### Raw data
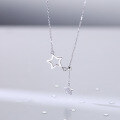 wholesale Sterling Silver S925 Star and Moon Necklace for Women, Minimalist Luxury Small Brand Design Star Moon Pendant Collarbone Chain New Collection-0-3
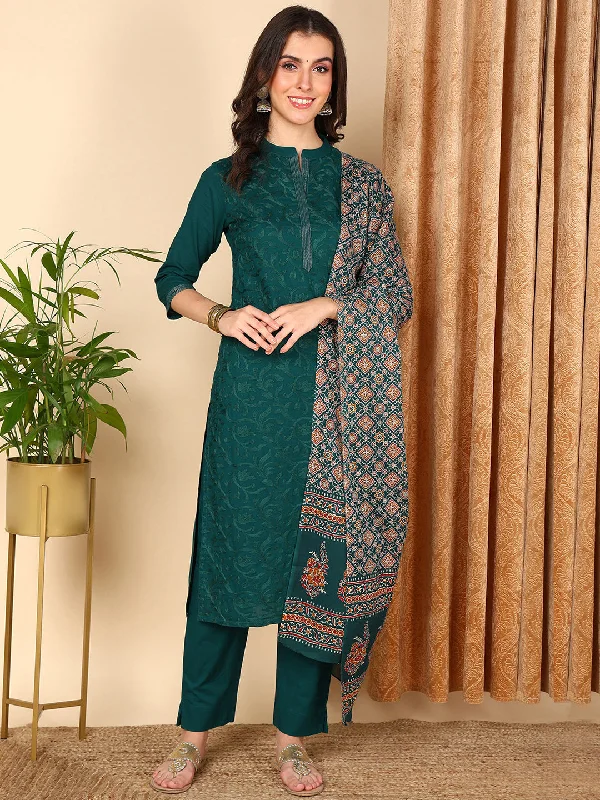 Women's Teal Pure Cotton Solid Embroidered Kurta Pant With Dupatta  - Ahika Comfortable Jogger Trousers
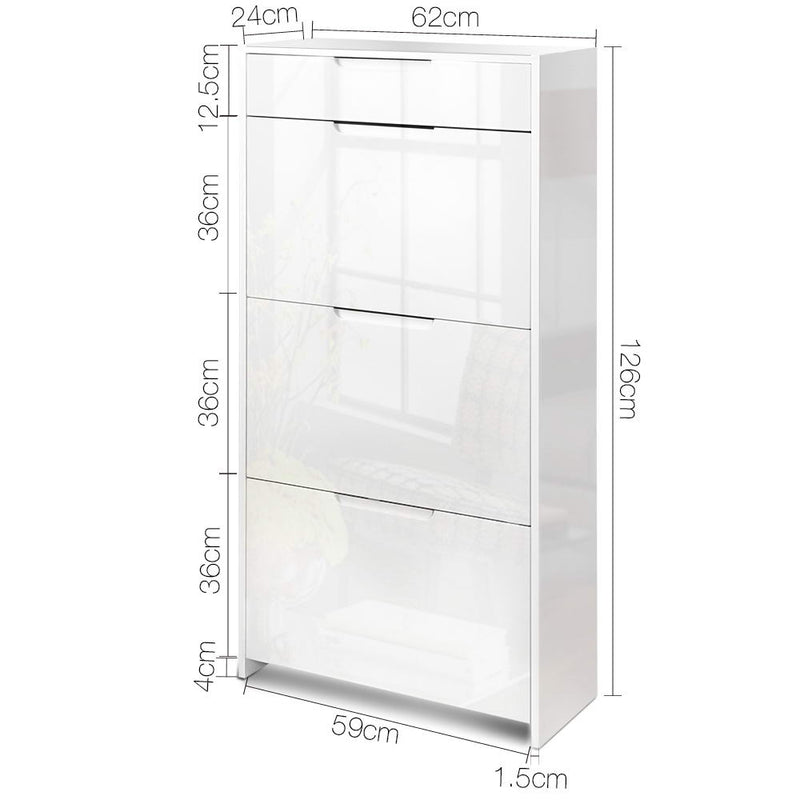 Artiss 24 Pair High Gloss Wooden Shoe Cabinet - White - Sale Now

### Your task
Quote the data exactly, leaving every image out of the copy.

### Task output
 wholesale Sterling Silver S925 Star and Moon Necklace for Women, Minimalist Luxury Small Brand Design Star Moon Pendant Collarbone Chain New Collection-0-3
 Women's Teal Pure Cotton Solid Embroidered Kurta Pant With Dupatta  - Ahika Comfortable Jogger Trousers
 Artiss 24 Pair High Gloss Wooden Shoe Cabinet - White - Sale Now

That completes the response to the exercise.